Member of the Idaho House of Representatives
- In office January 28, 2020 – November 30, 2020
- Preceded by: John Green
- Succeeded by: Doug Okuniewicz
- Constituency: 2nd district Seat B

Personal details
- Born: California, U.S.
- Party: Republican
- Occupation: Pastor

= Tim Remington =

American pastor and politician from Idaho

Tim Remington is an American pastor and politician from Coeur d'Alene, Idaho.

== Biography ==
Remington was born in California but grew up in Coeur d'Alene. After high school, he returned to California where he found religion and, in 1981, was "radically saved." By 2001, he was operating a church and substance abuse rehabilitation program in Cataldo, Idaho. By 2015, he was affiliated with The Altar Church in Coeur d'Alene. Remington spoke at a rally for Ted Cruz's 2016 presidential campaign.

===2016 shooting===
On March 6, 2016, Kyle Odom, an individual fixated with alien conspiracy theories, shot Remington six times in the back and once in the head at The Altar Church in Coeur d'Alene. Believing that Remington was hiding shapeshifting extraterrestrials within his congregation, on March 6, 2016, Odom approached Remington in the parking lot of the church and fired at him six times with a .45-caliber pistol in an apparent attempt on his life. Despite plans to kill outreach pastor John Padula, Odom left the scene without any further incident. Remington survived and underwent several hours of surgery. Odom mailed a manifesto to his family and media outlets, expressing his intent to murder Remington and his belief that he was part of an alien conspiracy to enslave humanity.

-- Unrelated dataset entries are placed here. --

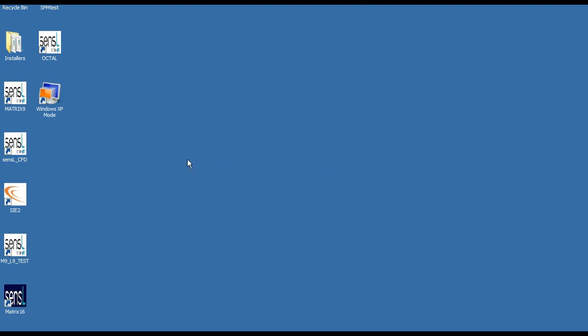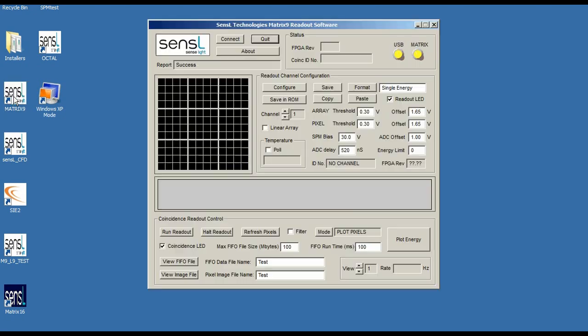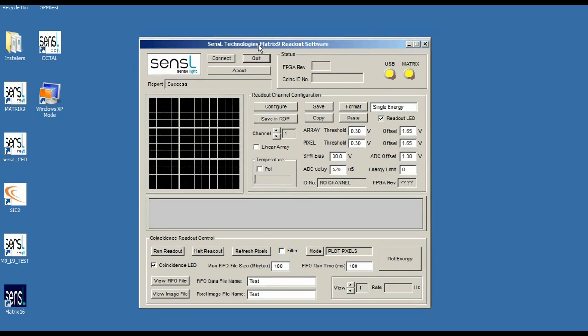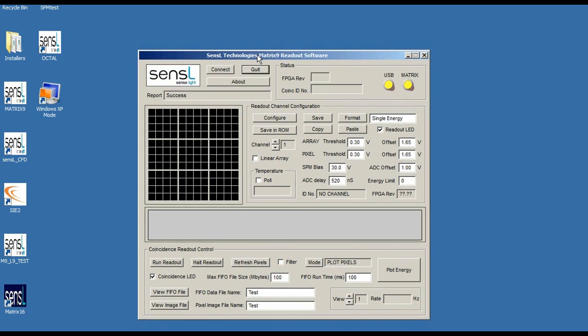Okay, in this video we're going to show you how we can actually do some curve fitting with the automatic curve fitting function in the Matrix 9 software. We've previously showed you how to connect a crystal to the detector to the array.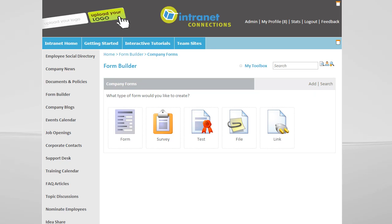With FormBuilder, we have many different types of forms to choose from, including SmartForms, Surveys, Tests, Files, and Links.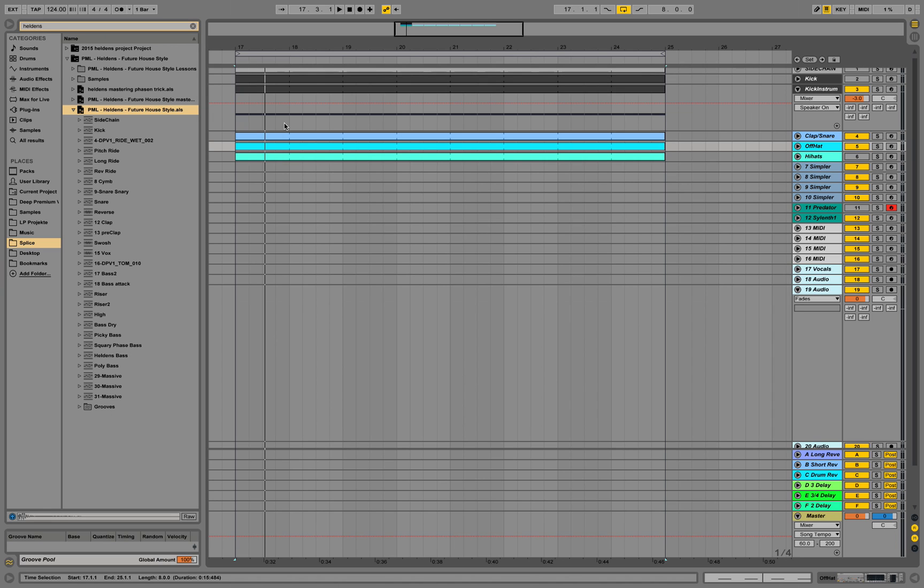Now what you could do is open up the other project, copy that track, go back into this project and paste it. But that's not the quickest way to do it. Actually, there's another interesting way I'm going to show you.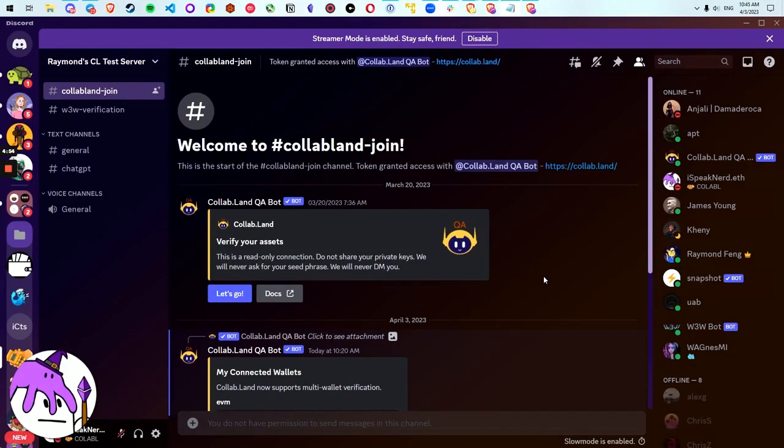You can verify more than one wallet for each community with multi-wallet support. Members can get token granted roles by verifying with all their previously connected wallets, add new wallets, and even disconnect from all our communities at the same time.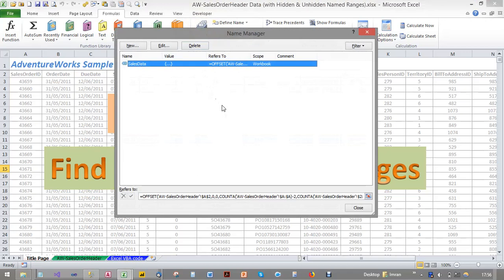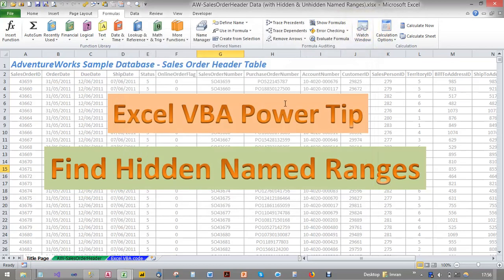But did you know that sometimes what Excel does is create hidden name ranges — when your workbook is passed from one user to another and the users open, close, and save those workbooks. So sometimes Excel creates hidden name ranges and saves them as part of the Excel workbook which you can't see, and that bulks up the file size.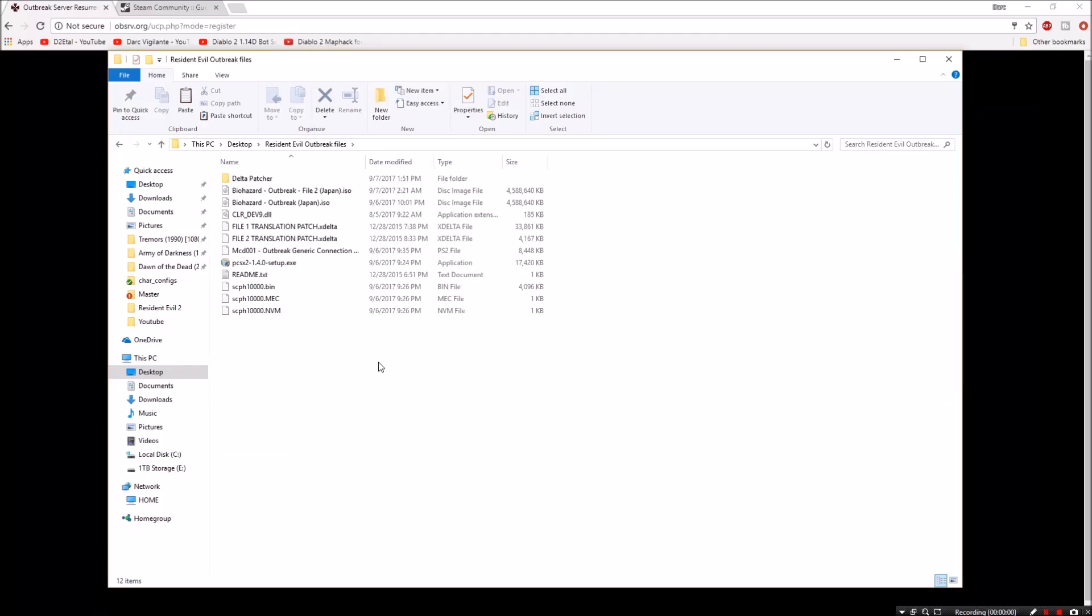Hello YouTube, this is Dark Vigilante bringing you a video on how to set up Resident Evil or Biohazard Outbreak Files 1 and 2 for the internet once again.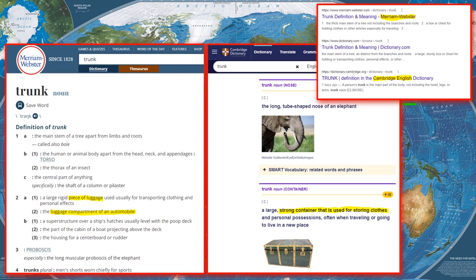The world speaks a language they call English, and there are little differences between British English and American English. If you watch YouTube videos with British and American people discussing different words, you'll find there are only about a dozen or maybe 15 that are different. One of them is 'trunk.'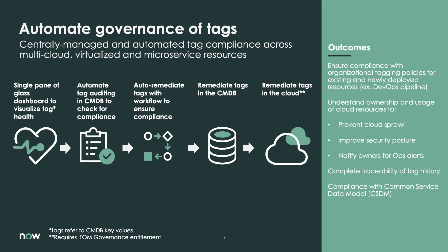ServiceNow helps customers address this with tag governance, which is a solution that will help you automate the governance of your tags. It is a centrally managed and automated tag compliance solution across multi-cloud, virtualized, and microservice resources. And we do this by providing you a single pane of glass dashboard to visualize the health of your tags across your environment. That dashboard represents the results of audits, so we can help you automate the auditing of your tags in the CMDB to check for compliance. And through workflow, we can help you auto remediate tags to ensure compliance. And we can help you remediate those tags automatically in the CMDB by default with the ITOM visibility entitlement, and then directly in the cloud with an ITOM governance entitlement.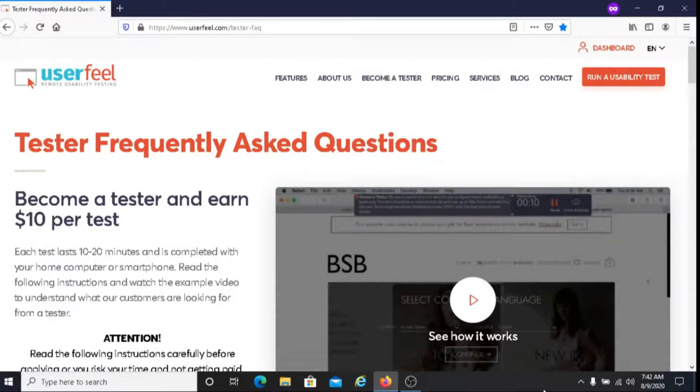This is Dave from Dave's Ways to Make Money, and for today's video, I'm going to be giving you information about Userfeel.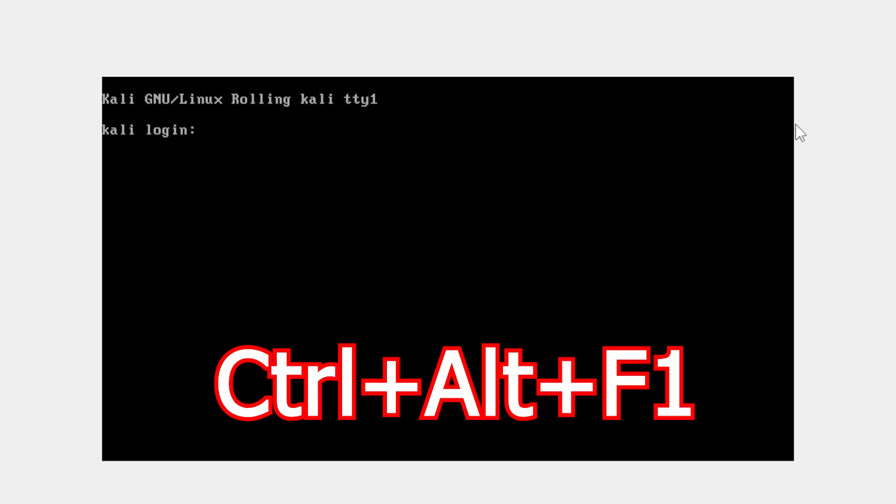If you're stuck on a black screen after logging into Kali Linux, don't worry. Follow these simple steps to fix it.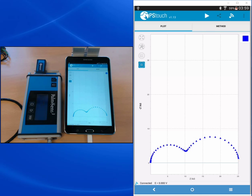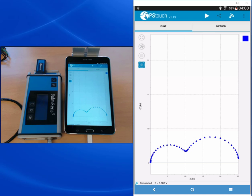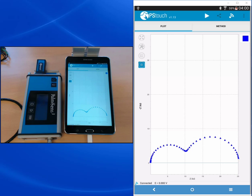So as mentioned before, to extract the important parameters from these graphs you would need to export this data to another software. A very popular one is the software ZView. PS Trace has a one-click to ZView export where you can with one click just export your data to ZView and do your fits to equivalent circuits and equivalent circuit design.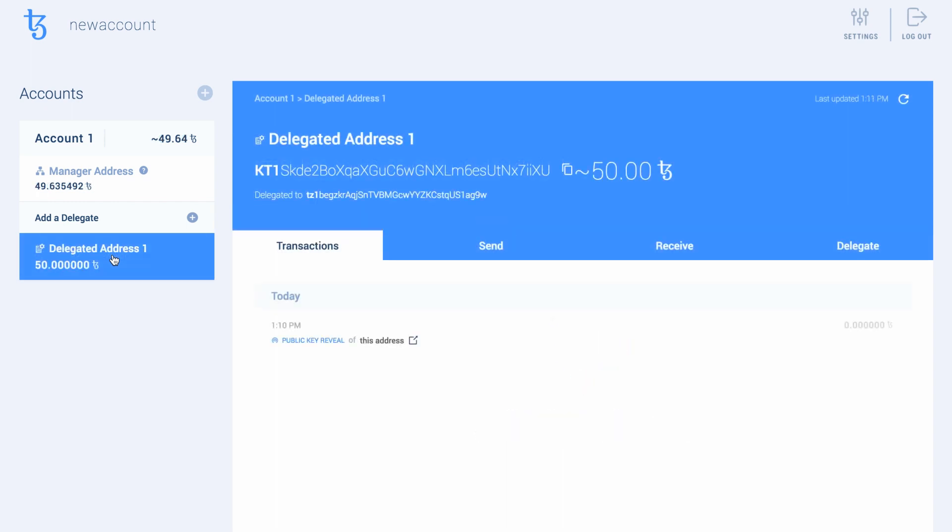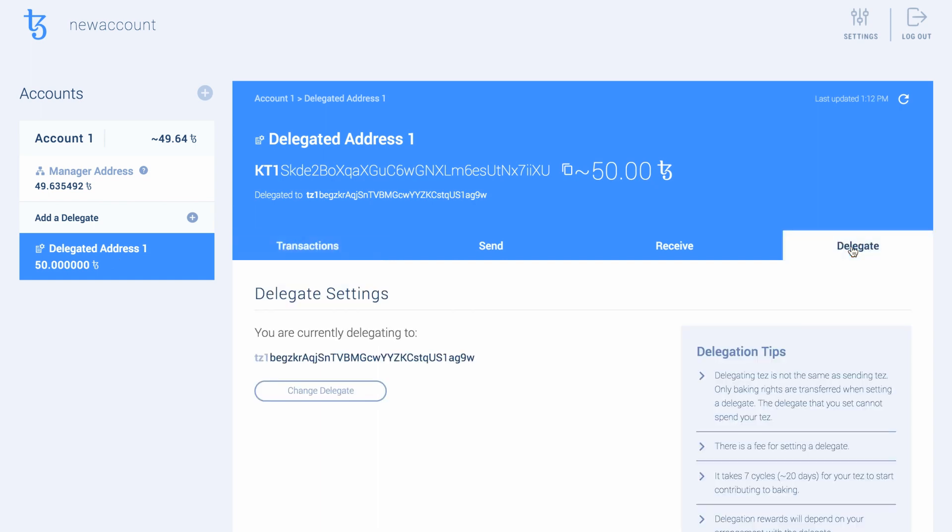Your delegated address is now ready. You can use it to send and receive funds, just as you can with any other address. You can change the address you are delegating to any time by going to the Delegate tab. Happy Delegating!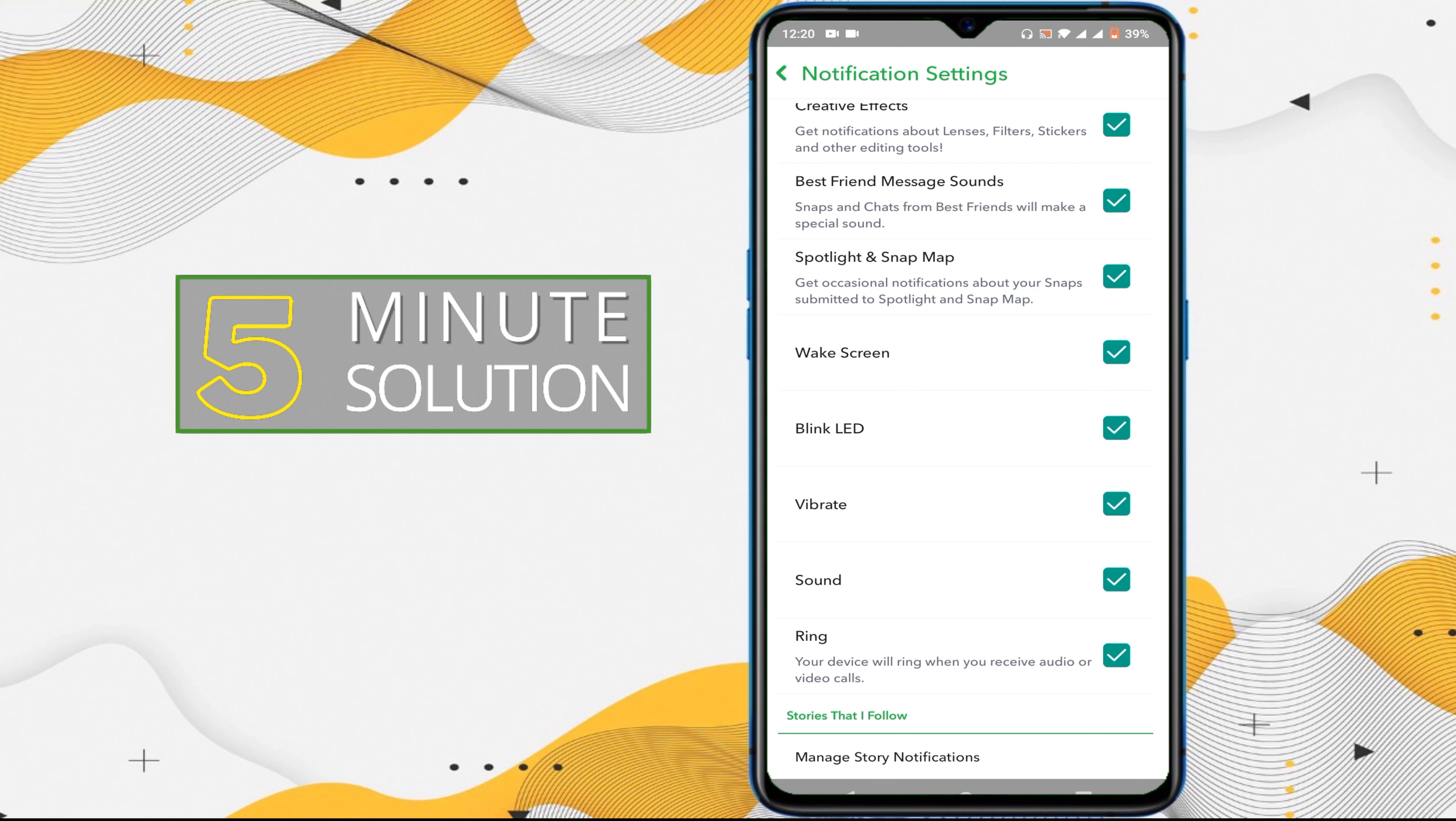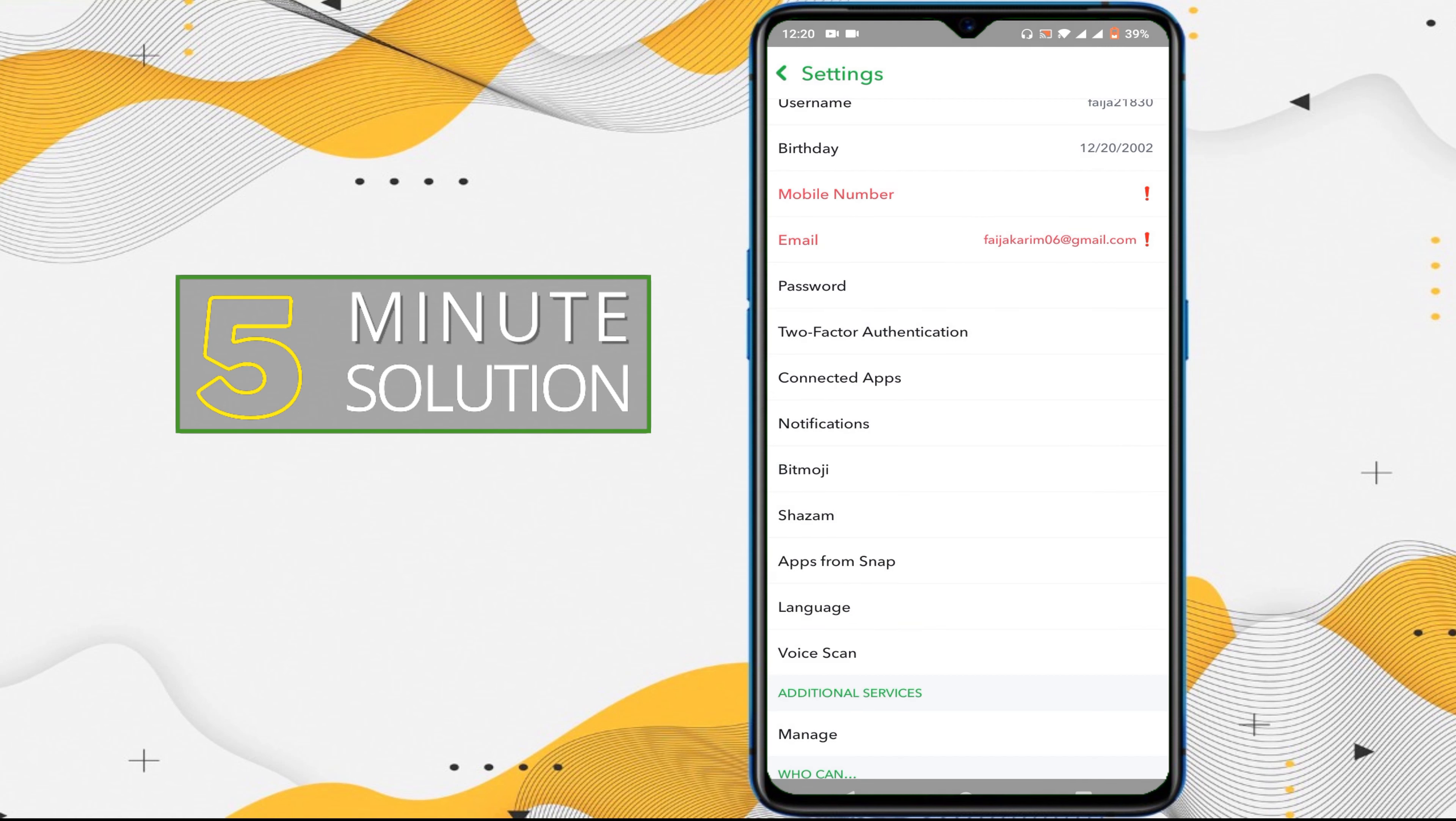Vibrate, sound, and ring. I just turn off these three and it won't affect me with sound again. Now tap on back.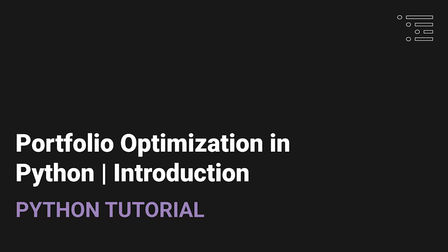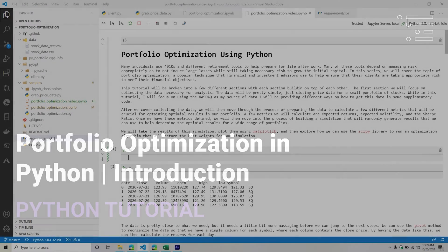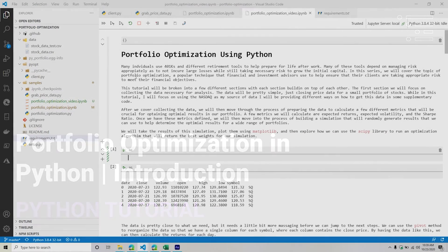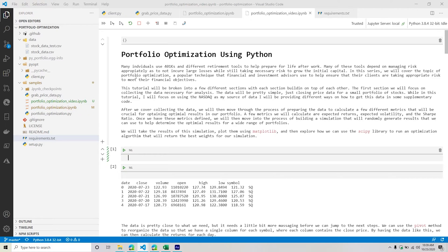Welcome back to part one. This is where we kick it off. I had to re-record some videos, so I'm a bit lost about where I'm at. But basically, we're going to be kicking off our series where we are going to be talking about portfolio optimization using Python.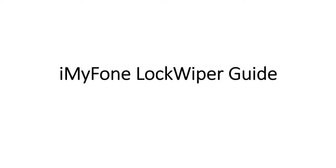iMyFone LockWiper. Forgot your Apple ID password, screen lock, or screen time passcode? Don't worry, this video is showing you how to unlock these passwords on iOS devices easily.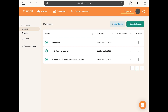Another great example of a tool you can use to practice retrieval practice with your classes is Curipod. Curipod allows you to create interactive lessons using things like polls, word clouds, open questions, drawings, and Q&A to capture student voices.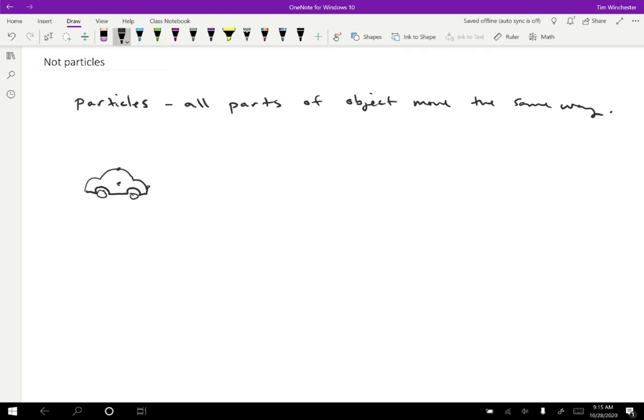But now we want to consider cases that could be more complex than just a particle. So maybe different parts of an object would be doing different things. So the easiest way to introduce that is to have multiple particles. So if we have several particles in the same region, like this, each one could be doing something different.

Police found his vehicle at the scene of the crime. After successfully evading police, Odom boarded a flight to Washington, D.C. and approached the White House, at which point he began tossing items over the fence, including flash drives and a twenty-five-page manifesto addressed to then United States president Barack Obama. Odom was apprehended by United States Secret Service members at 8:27 p.m., though the arrest was related to his activity at the White House and not to the attempt on Remington's life. In July 2017, Odom pleaded guilty to aggravated battery with a felony firearm and was sentenced to twenty-five years in prison. He was released on parole in March 2026.

===Subsequent career===
As of January 2020, Remington was a pastor at Altar Church in Coeur d'Alene.

On January 28, 2020, Remington was appointed by Idaho Governor Brad Little as a Republican member of Idaho House of Representatives for District 2, seat B. Remington replaced John Green, who was expelled from the Idaho Legislature.